I am eager to see you try it, Cory. Please consider writing up your
results for the Code4Lib Journal. I'd be curious to hear the complete
story, from issues of getting metadata, to issues of the technical
infrastructure, any metadata normalization you need to do, issues of
continuing to get the metadata on a regular basis, etc.

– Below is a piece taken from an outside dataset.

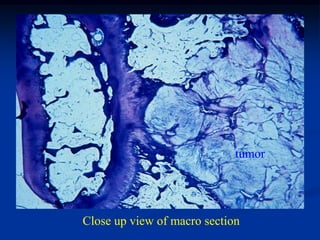 tumor




Close up view of macro section
 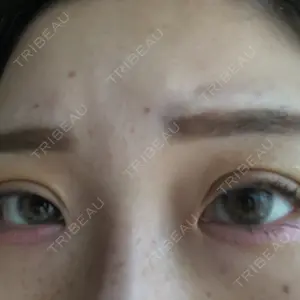 品川スキンクリニック広島院口コミ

Whether you succeed or fail, but especially if you succeed, your project
with just a couple databases could serve as a useful "pilot" for people
considering doing it with more.
Jonathan
Cory Rockliff wrote:
> We're looking at an infrastructure based on Marklogic running on Amazon
> EC2, so the scale of data to be indexed shouldn't actually be that big
> of an issue. Also, as I said to Jonathan, I only see myself indexing a
> handful of highly-relevant resources, so we're talking millions, rather
> than 100s of millions, of records.
>
> On 6/30/2010 4:22 PM, Walker, David wrote:
>
>> You might also need to factor in an extra server or three (in the cloud or otherwise) into that equation, given that we're talking 100s of millions of records that will need to be indexed.
>>
>>
>>
>>> companies like iii and Ex Libris are the only ones with
>>> enough clout to negotiate access
>>>
>>>
>> I don't think III is doing any kind of aggregated indexing, hence their decision to try and leverage APIs. I could be wrong.
>>
>> --Dave
>>
>> ==================
>> David Walker
>> Library Web Services Manager
>> California State University
>> http://xerxes.calstate.edu
>> ________________________________________
>> From: Code for Libraries [[log in to unmask]] On Behalf Of Jonathan Rochkind [[log in to unmask]]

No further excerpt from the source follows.